University of São Paulo tests molecule to mitigate heart failure

Dicer modification by 4-Hydroxynonenal impairs miRNA maturation in heart failure.


Researchers at the University of São Paulo, Brazil, along with Foresee Pharmaceuticals, a company from Taiwan and the US, have tested a synthetic molecule for treating heart failure. The study was funded by FAPESP and recently published in the European Heart Journal. Heart failure is a serious condition where the heart can’t pump enough blood. It’s a leading cause of death globally, and there are no treatments that can fully reverse it. In Brazil, over 2 million people suffer from it, and sometimes a heart transplant is needed if it gets very severe.

Julio C B Ferreira correseponding author of the article and the proffessor at the Institute of Biomedical Sciences. (ISB-USP)said, ” The study lasted more than 10 years and included both laboratory experiments and sample from heart failure patients with the aim of understanding a novel mechanism involved in heart failure progresssion. In parallel with our experiments, the biopharmaceutical company worked on improving the efficacy of the molecule described back in 2014. which has potential to treat cardiac disease.”

A molecule called Alda-1 was found to boost heart function by 40% in rats with heart failure by activating a specific enzyme in their hearts. Researchers at Foresee Pharmaceuticals improved this molecule and created AD-9308, which is three times more effective. Clinical trials have shown that it’s safe for healthy individuals. To test it on heart failure patients, they need permission from the FDA, a U.S. agency that ensures the safety of drugs.

Heart failure is linked to problems with mitochondria, which are like the engine of the heart. Mitochondria convert energy for the heart to work, but in heart failure, they produce a harmful substance called 4-hydroxynonenal.
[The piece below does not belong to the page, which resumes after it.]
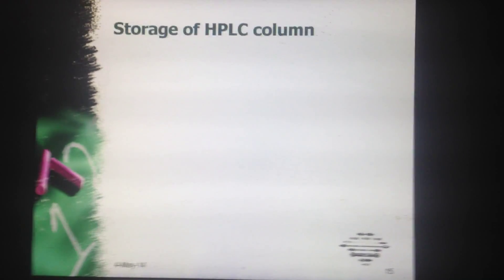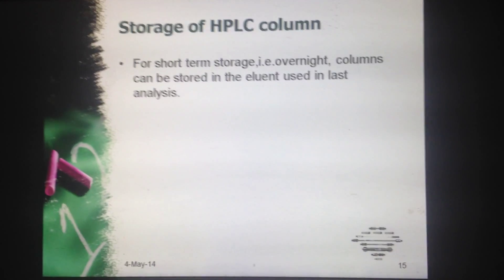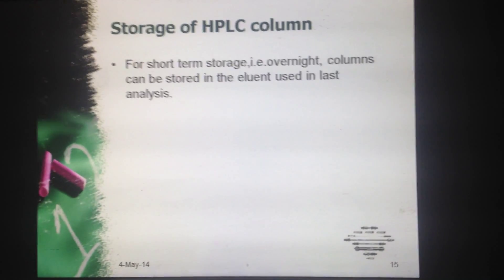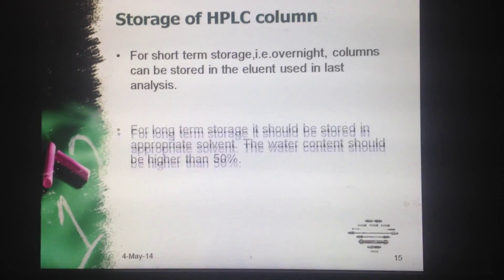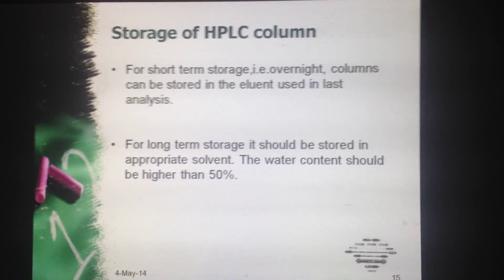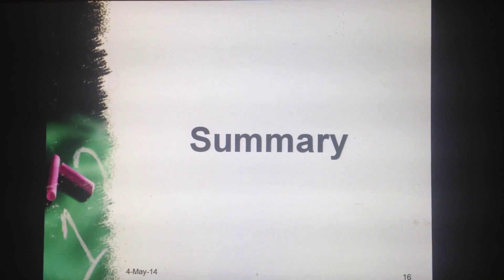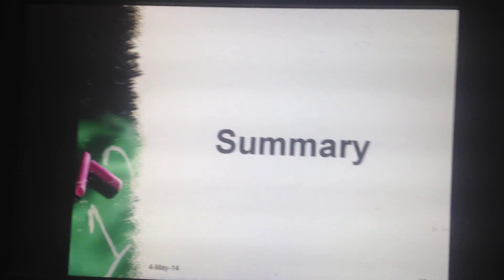Now what are the storage conditions for an HPLC column? There are two types. First is short-term storage: for overnight storage, columns can be stored in the eluent used in the last analysis. For long-term storage, it should be stored in an appropriate solvent, and the water content should be higher than 50%.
This substance can harm the cell by interfering with microRNAs, which are important for gene regulation. The new molecule, AD-9308, helps fix the mitochondria and get rid of this harmful substance.

Animals without the Dicer enzyme can develop heart failure. In this study, scientists found that chemical changes caused by heart failure can stop Dicer from working. Dicer is important for making microRNAs, which control how cells work. When Dicer doesn’t work, it can lead to health problems like cancer, metabolic syndrome, and heart disease. The researchers also found that the drug AD-9308 can fix this problem and make Dicer work again in human heart tissue.
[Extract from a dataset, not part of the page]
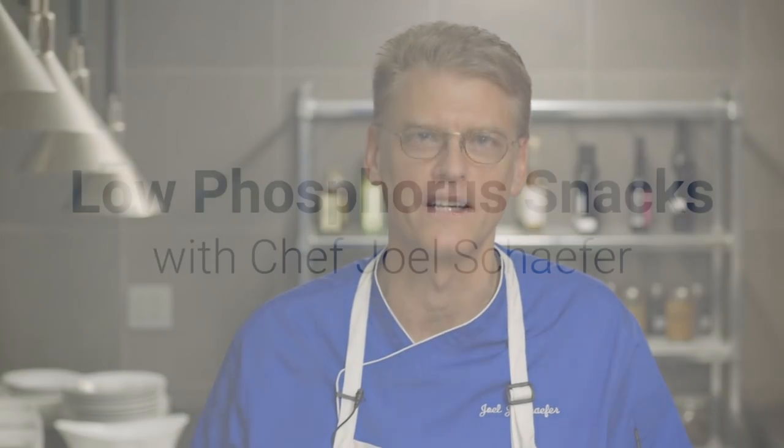Hi there, my name is Joel Schaefer and welcome. For over a decade, I've focused my culinary career on helping to educate others on the benefits of eating healthy foods that are specific to the individual's dietary needs.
“In conclusion, AD-9308 stimulates the removal of aldehyde from sick cells, reducing the likelihood that it will ‘switch off’ Dicer and hence protecting the heart cells. This tends to keep the microRNA profile closer to that of a healthy heart. I consider our partnership with Foresee Pharmaceuticals a success. It’s been essential to our multidisciplinary multicenter research and development, producing highly promising results that can now be trialed in patients,” Ferreira said.
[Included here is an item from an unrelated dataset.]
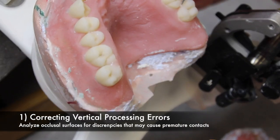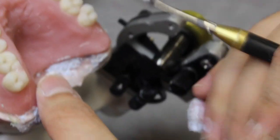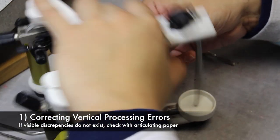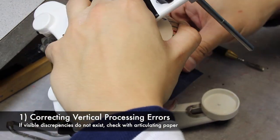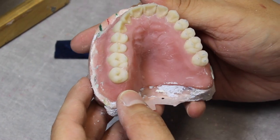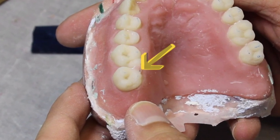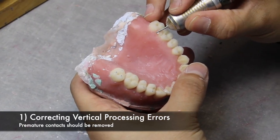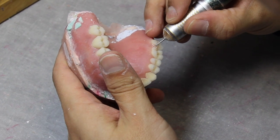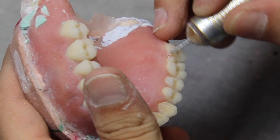Be sure to analyze the occlusal surfaces for discrepancies that may cause premature contacts, like acrylic flash that might have gone over occlusal surfaces. If you cannot visibly see any discrepancies, use articulating paper to double check. In this case, the premature contact is acrylic flash that has a contact point showing from the articulation paper. This point needs to be removed before moving forward. When removing flash from teeth, be sure not to damage the denture tooth itself, especially on occlusal surfaces.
This study holds the potential to bring about a significant breakthrough in the treatment of heart failure, offering hope to the millions of individuals who suffer from this condition. As research progresses, further trials and investigations will be conducted to determine the molecule’s efficacy in treating different forms and stages of heart failure, ultimately aiming to improve the quality of life for those affected by this debilitating condition.

Journal reference:

  1. Ligia A Kiyuna, Darlan S Candido et al., 4-Hydroxynonenal impairs miRNA maturation in heart failure via Dicer post-translational modification. European Heart Journal. DOI: 10.1093/eurheartj/ehad662.